GlusterFS 3.2 — La géo‐réplication

Posté par (page perso) . Modéré par baud123. Licence CC by-sa
42
8
mai
2011
Virtualisation

GlusterFS ou plus simplement gluster est un système de fichiers en espace utilisateur. Il a une forte connotation cluster ou cloud. Il existe deux types de système de fichiers de ce genre, les systèmes natifs en espace noyau comme Lustre / Ceph ou ceux utilisant l’interface FUSE. Dans la même catégorie que gluster, on retrouve MooseFS, sur lequel le magazine GMLF a réalisé un article en avril 2011.

L’intérêt des systèmes en espace utilisateur est la facilité de programmation, ainsi que le fait de s’appuyer localement sur un des systèmes de fichiers standard du noyau : ext3, ext4, XFS… Dans le cas d’un système de fichiers « clusterisé » comme gluster, chacune des partitions formant le cluster peut être formatée avec un système de fichiers différent. Il n’est pas nécessaire que ceux‐ci soient homogènes.

Avec un système de fichiers « clusterisé », il est possible d’agréger des volumes (partitions) provenant de plusieurs serveurs (NAS, SAN…), afin de ne montrer aux clients qu’un seul volume. C’est un peu la généralisation aux grappes de machines Linux (les clusters) du gestionnaire de volumes LVM que l’on trouve sur tous les serveurs Linux et qui permet (entre autres) l’agrégation de partitions.

La particularité de gluster est de ne pas s’appuyer sur un serveur de métadonnées (contrairement à pNFS et MooseFS). Tous les nœuds de la grappe sont équivalents. Il est donc particulièrement robuste aux pannes. À noter que depuis la version 3.1, gluster est distribué sous la licence libre AGPL, la licence publique générale Affero (GNU Affero General Public License), alors qu’il était auparavant distribué sous licence GPLv3. Ce changement de licence est évidemment conçu pour protéger le développement de gluster d’une utilisation abusive (sans retour de contribution) dans les « nuages »…

Sommaire

Les fonctionnalités de la 3.0

Cette version avait amené une profonde refonte dans l’interface de gluster avec l’introduction d’une commande « gluster », permettant de paramétrer le cluster de données. Finis les fichiers quasi identiques à propager dans la grappe, l’installation et le déploiement du cluster deviennent presque triviaux !

  • volume distribué : un volume est distribué sur plusieurs partitions qui sont distribuées sur plusieurs machines… Les fichiers du volume sont physiquement enregistrés sur l’une des partitions. Deux fichiers d’un même dossier n’ont aucune raison d’être sur la même partition.

Plusieurs modes d’agrégation de volumes pour former le volume « clusterisé » sont possibles :

  • volume répliqué : un volume distribué est automatiquement répliqué n fois sur le cluster, n pouvant être 2 (raid 1), mais aussi 3 ou plus ! Ce type de volume est intéressant pour se préserver des pannes, par exemple d’une panne de baie de stockage.

  • volume morcelé (stripe) : chaque fichier d’un volume distribué est découpé en morceaux qui sont répartis sur les nœuds de la grappe. Ce genre de volume est intéressant lorsqu’on cherche de la performance sur des gros fichiers.
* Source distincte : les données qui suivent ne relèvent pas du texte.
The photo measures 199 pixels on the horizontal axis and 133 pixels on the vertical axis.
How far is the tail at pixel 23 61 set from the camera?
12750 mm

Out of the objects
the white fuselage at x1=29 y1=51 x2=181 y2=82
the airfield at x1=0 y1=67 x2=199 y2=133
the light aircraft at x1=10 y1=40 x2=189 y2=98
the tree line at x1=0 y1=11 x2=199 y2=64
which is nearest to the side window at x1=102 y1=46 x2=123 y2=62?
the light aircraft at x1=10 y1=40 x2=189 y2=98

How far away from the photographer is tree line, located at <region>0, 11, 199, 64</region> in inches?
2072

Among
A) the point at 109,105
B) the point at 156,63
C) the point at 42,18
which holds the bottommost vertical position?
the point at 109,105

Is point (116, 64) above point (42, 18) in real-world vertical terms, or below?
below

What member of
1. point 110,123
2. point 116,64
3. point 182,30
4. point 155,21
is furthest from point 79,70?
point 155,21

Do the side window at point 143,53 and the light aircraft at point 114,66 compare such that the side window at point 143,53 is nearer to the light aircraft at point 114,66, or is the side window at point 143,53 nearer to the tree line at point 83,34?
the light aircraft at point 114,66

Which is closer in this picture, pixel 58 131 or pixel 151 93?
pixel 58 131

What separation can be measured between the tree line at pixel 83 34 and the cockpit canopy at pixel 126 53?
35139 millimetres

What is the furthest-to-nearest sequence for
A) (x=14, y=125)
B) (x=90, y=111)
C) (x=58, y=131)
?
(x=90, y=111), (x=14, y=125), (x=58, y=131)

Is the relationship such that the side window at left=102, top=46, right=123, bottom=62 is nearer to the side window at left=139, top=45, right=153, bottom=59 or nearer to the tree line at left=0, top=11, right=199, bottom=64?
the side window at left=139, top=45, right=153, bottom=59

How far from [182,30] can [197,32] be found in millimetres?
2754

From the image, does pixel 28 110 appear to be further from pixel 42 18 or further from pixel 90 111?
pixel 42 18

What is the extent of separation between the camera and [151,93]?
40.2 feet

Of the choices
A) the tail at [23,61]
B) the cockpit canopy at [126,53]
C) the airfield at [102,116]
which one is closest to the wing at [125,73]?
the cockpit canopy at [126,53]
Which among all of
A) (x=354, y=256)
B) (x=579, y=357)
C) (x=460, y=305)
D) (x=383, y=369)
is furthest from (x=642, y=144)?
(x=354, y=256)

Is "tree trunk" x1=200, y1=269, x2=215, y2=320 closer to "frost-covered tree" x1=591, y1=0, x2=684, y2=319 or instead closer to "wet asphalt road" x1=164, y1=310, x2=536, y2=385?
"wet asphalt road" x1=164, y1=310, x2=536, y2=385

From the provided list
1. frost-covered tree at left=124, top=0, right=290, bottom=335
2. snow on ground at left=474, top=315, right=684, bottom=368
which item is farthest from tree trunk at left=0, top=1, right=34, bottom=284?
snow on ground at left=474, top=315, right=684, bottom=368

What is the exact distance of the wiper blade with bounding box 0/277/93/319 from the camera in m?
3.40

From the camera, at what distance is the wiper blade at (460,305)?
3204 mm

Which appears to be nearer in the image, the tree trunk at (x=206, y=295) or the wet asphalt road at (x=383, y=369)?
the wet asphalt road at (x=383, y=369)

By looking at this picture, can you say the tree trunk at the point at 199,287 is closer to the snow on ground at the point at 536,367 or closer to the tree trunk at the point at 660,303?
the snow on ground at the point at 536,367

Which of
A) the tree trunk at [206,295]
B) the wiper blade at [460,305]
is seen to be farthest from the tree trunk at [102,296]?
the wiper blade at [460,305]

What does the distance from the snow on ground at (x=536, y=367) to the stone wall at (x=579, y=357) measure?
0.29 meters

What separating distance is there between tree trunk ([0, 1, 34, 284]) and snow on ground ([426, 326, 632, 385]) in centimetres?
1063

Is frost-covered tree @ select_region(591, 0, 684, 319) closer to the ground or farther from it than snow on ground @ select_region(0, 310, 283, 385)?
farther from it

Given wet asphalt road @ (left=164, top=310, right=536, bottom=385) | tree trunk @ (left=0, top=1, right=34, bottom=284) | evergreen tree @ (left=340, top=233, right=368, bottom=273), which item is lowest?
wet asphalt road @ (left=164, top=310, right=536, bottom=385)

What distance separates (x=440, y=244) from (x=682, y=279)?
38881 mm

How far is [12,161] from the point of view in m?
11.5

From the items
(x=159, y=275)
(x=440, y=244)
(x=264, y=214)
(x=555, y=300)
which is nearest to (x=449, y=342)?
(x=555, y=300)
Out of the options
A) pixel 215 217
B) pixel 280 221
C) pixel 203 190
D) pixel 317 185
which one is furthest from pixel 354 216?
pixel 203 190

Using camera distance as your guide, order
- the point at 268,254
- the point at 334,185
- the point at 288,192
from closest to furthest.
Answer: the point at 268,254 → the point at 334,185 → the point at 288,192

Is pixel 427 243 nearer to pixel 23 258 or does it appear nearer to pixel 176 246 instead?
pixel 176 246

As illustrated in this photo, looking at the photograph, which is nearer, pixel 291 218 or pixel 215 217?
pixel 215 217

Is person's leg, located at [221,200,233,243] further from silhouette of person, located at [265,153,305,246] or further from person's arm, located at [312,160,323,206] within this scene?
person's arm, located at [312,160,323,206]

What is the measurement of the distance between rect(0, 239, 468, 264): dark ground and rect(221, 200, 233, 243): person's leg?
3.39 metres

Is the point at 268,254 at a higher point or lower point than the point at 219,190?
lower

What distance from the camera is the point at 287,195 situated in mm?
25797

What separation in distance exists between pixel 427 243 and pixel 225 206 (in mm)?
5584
À noter que quatre opérations de base sont possibles à chaud sur tous les volumes :

Ces opérations sont complémentaires, puisqu’il s’agit d’agrandir ou de diminuer la taille d’un volume, de déplacer les données d’une partition d’un volume vers une autre (changement de disque dur, par exemple). Ces opérations sont lourdes et peuvent laisser le volume dans un état peu satisfaisant du point de vue des performances. La dernière opération permet de rééquilibrer le volume en déplaçant en tâche de fond les fichiers dans les volumes ; c’est en quelque sorte une opération qui se rapproche de la défragmentation.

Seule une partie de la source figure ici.